Filtered DataFrames saved.


### Step 4: Splitting trips into 3 segments (Driver-to-Merchant, Wait-Time-at-Merchant, Merchant-to-Customer)

#### Split trips based on stationary intervals matching coordinates from pooling

In [None]:

def adjust_gaps_with_original_pattern(original_gaps, new_gaps):
    """
    Adjust new gaps based on the pattern of change in the original gaps.
    The new gaps will start from 0 but follow the same incremental differences.
    """
    if len(original_gaps) <= 1 or len(new_gaps) == 0:
        return new_gaps  # No meaningful adjustment needed

    # Calculate the incremental changes (differences) in the original gaps
    original_diffs = np.diff(original_gaps)

    # Start the new gaps from 0
    adjusted_gaps = [0]

    # Apply the original differences to the new gaps
    for i in range(1, len(new_gaps)):
        diff = original_diffs[(i - 1) % len(original_diffs)]
        adjusted_gaps.append(adjusted_gaps[-1] + diff)

    return adjusted_gaps

def segment_trips(df, longest_intervals_df):
    road_list = []
    second_segment_list = []

    # Iterate over each entry in the df dataframe
    for index, row in df.iterrows():
        trip_id = row['trip_id']
        interval = longest_intervals_df[longest_intervals_df['trip_id'] == trip_id]
        lats = row['lats']
        lngs = row['lngs']
        time_gap = row['time_gap']
        dist_gap = row['dist_gap']
        month = row['month']

        if not interval.empty:
            start_idx = interval['start_idx'].values[0]
            end_idx = interval['end_idx'].values[0]

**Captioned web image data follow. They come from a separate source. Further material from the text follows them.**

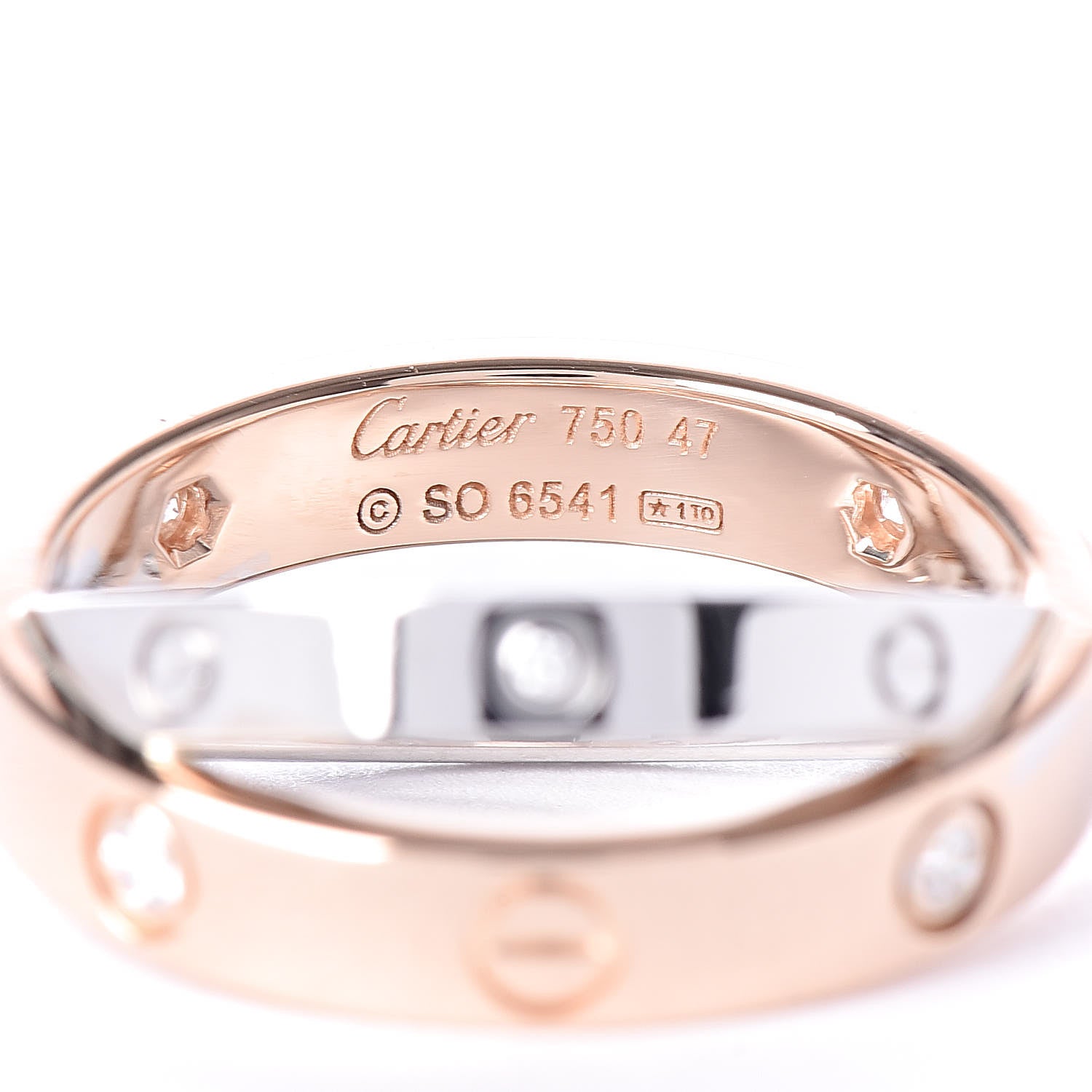 Cartier 18K Pink White Gold 6 Diamonds LOVE Ring 47 4 5 of 5
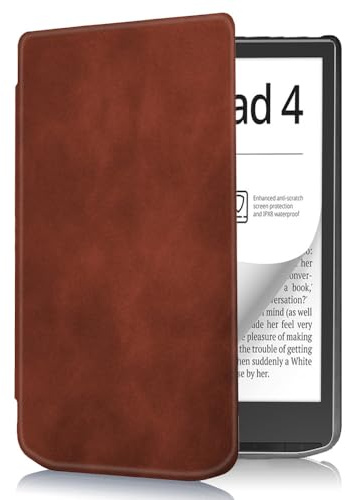 Vivlio Inkpad 4 7,8 Étui fin en cuir PU avec fonction veille/réveil automatique (XK) pour liseuse Vivlio Inkpad 4 Marron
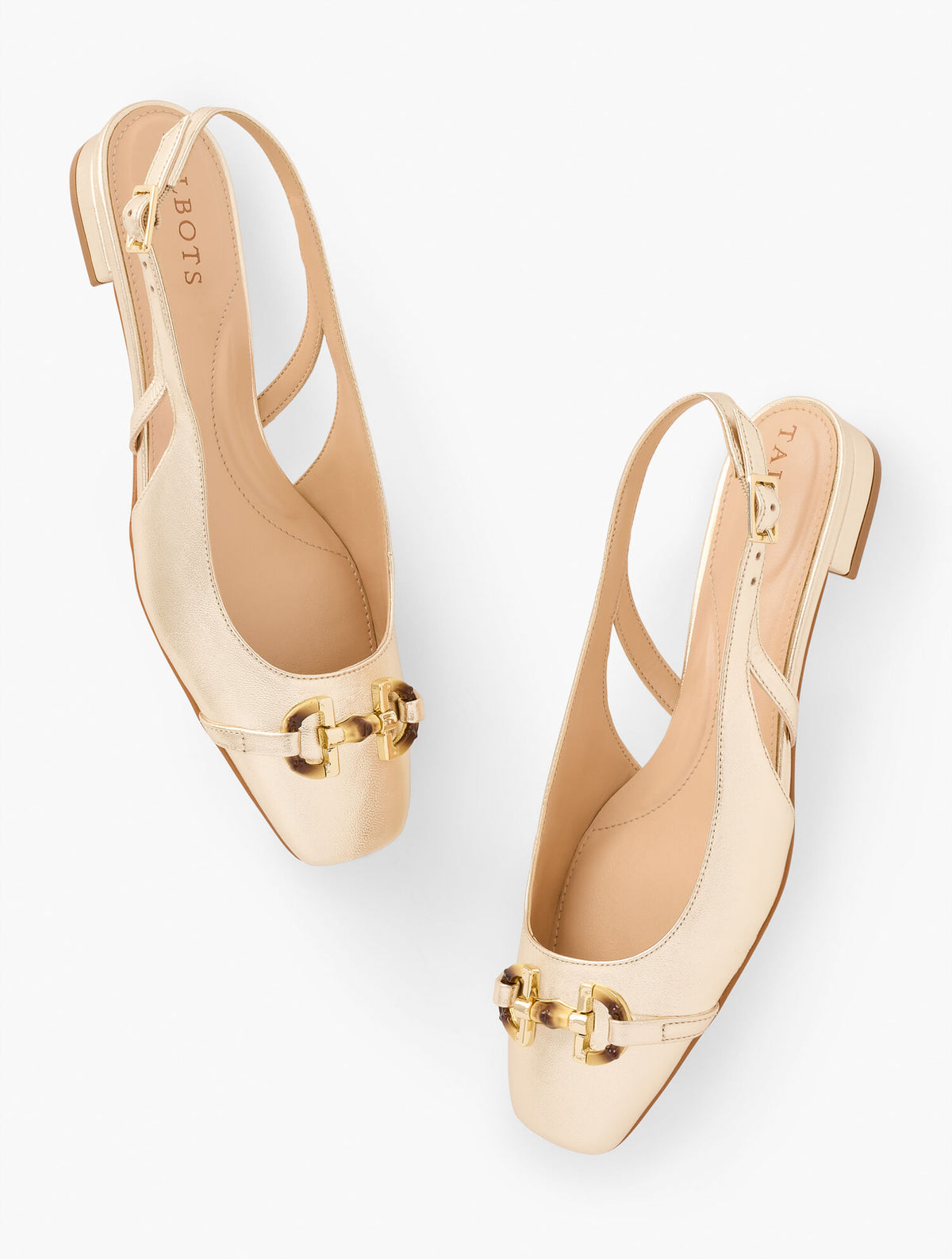 Talbots SUTTON LINK SLINGBACK METALLIC NAPPA FLATS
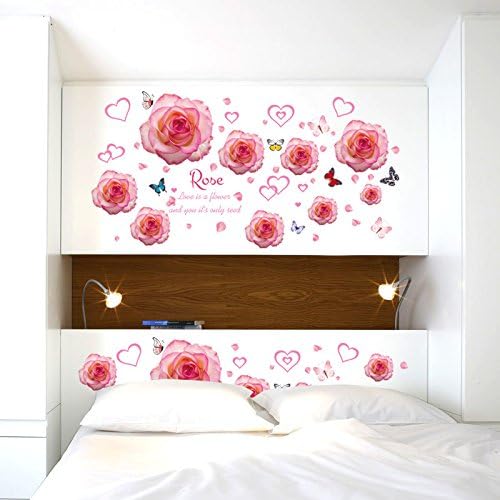 Pink Heart Rose Wall Stick Bedroom Sitting Room Ambry Self - Dip Stick Painting Background Decoration size 50x70 sk7175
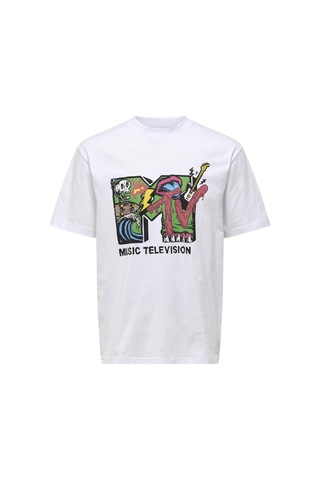 Only Erkek O Yaka T-shirt 22029523 Beyaz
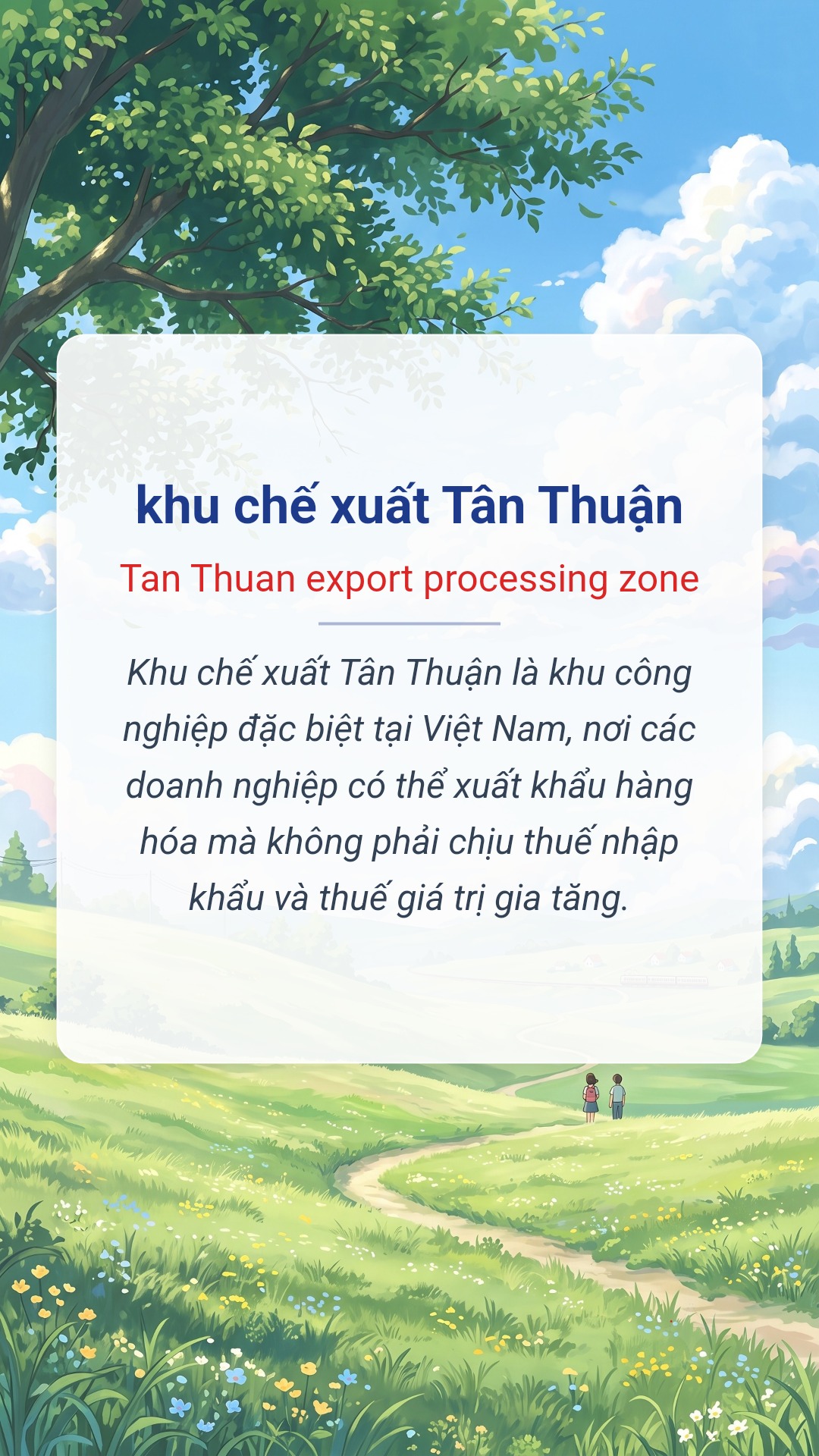 khu chế xuất Tân Thuận tiếng Anh là Tan Thuan export processing zone Hình minh hoạ "khu chế xuất Tân Thuận" tiếng Anh là "Tan Thuan export processing zone"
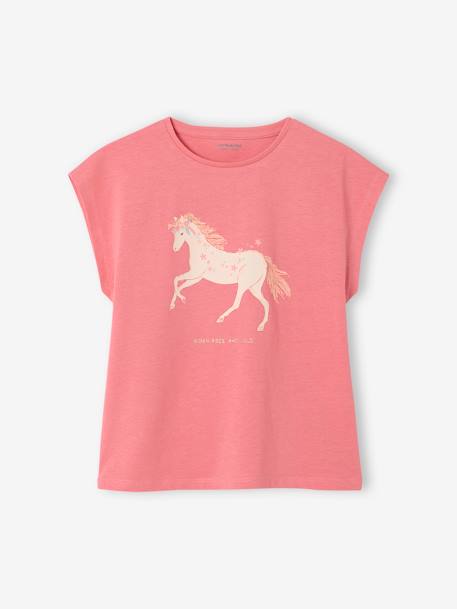 Animal print T-shirt for girls apricot+ecru+grey blue+strawberry - vertbaudet enfant 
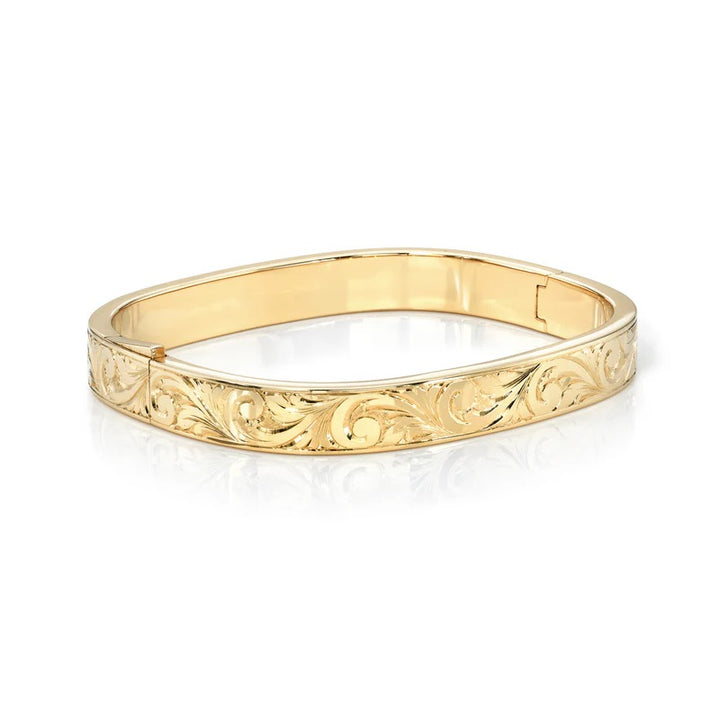 18K Yellow Gold Engraved Bangle Bracelet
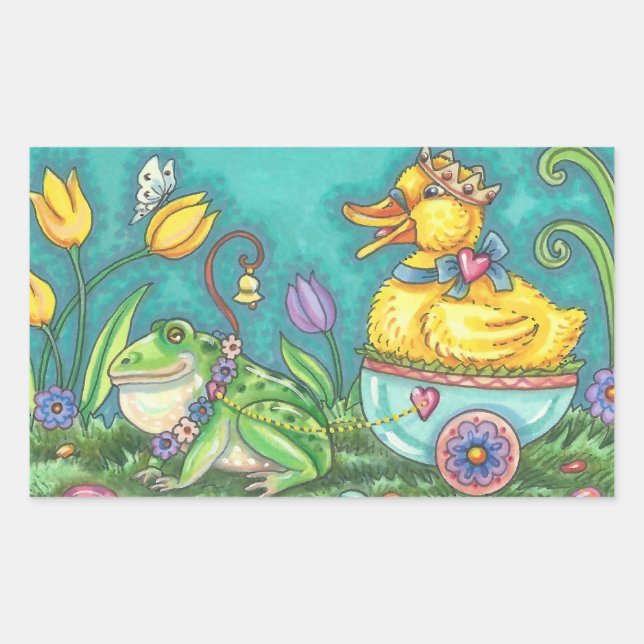 ADESIVO RETANGULAR BULLFROG & DUCK EASTER OVO, PRIMAVERA (Frente)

            # First segment
            first_segment = {
                'trip_id': trip_id,
                'time_gap': time_gap[:start_idx],
                'dist': dist_gap[start_idx - 1] if start_idx > 0 else 0,
                'trip_time': time_gap[start_idx - 1] if start_idx > 0 else 0,
                'driverID': row['driverID'],
                'weekID': row['weekID'],
                'timeID': row['timeID'],
                'dateID': row['dateID'],
                'dist_gap': dist_gap[:start_idx],
                'lats': lats[:start_idx],
                'lngs': lngs[:start_idx],
                'month': month,
                'time_offset': 0,
                'segmentID': 1
            }

            # Second segment (stationary)
            stationary_time_gap = time_gap[start_idx:end_idx + 1]
            stationary_dist_gap = dist_gap[start_idx:end_idx + 1]

            stationary_time_gap = [time - stationary_time_gap[0] for time in stationary_time_gap]
            stationary_dist_gap = [dist - stationary_dist_gap[0] for dist in stationary_dist_gap]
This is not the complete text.